## Problem to work on
Set the listing down exactly; no pictures.

## Information shown
******************************

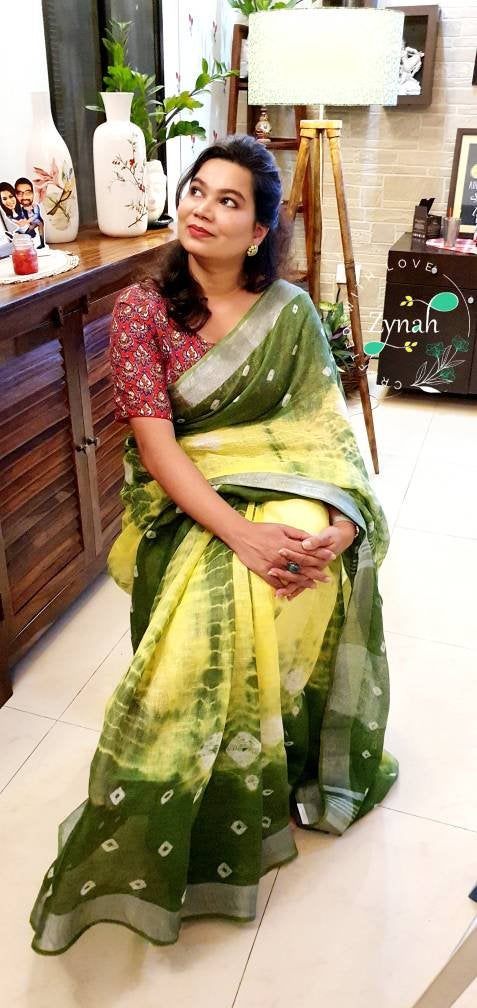 Zynah Organic Lab Tested superior Count pure 'Linen By Linen' handcrafted shibori print saree; Custom Stitched/Ready-made Blouse, Fall, Petticoat; Shipping available USA, Worldwide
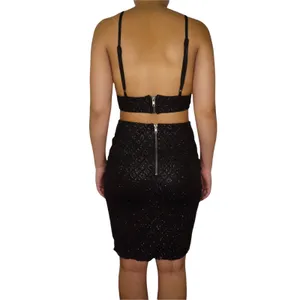 UO Babyboo Black Sparkly Sexy Two Piece Set Tank & Mini Skirt Small thumbnail 2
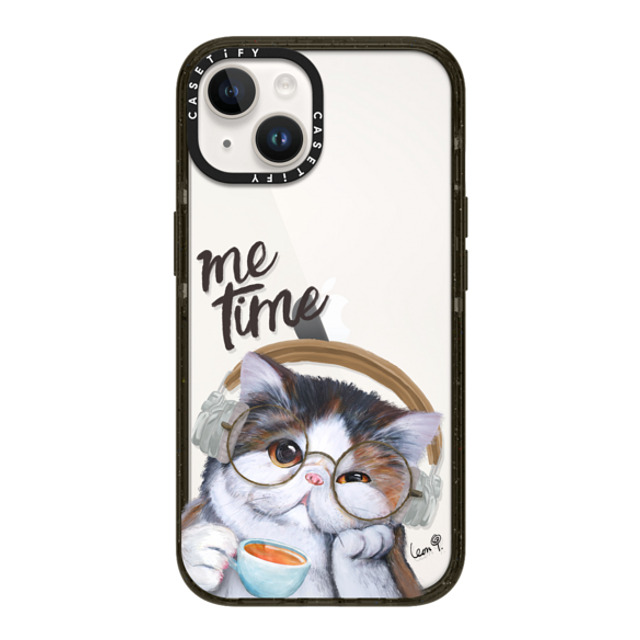 LeonLollipop x CASETiFY iPhone 14 ケース ブラック インパクトケース Gloomie Cat Coffee by LeonLollipop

******************************

## The completed task
 Zynah Organic Lab Tested superior Count pure 'Linen By Linen' handcrafted shibori print saree; Custom Stitched/Ready-made Blouse, Fall, Petticoat; Shipping available USA, Worldwide
 UO Babyboo Black Sparkly Sexy Two Piece Set Tank & Mini Skirt Small thumbnail 2
 LeonLollipop x CASETiFY iPhone 14 ケース ブラック インパクトケース Gloomie Cat Coffee by LeonLollipop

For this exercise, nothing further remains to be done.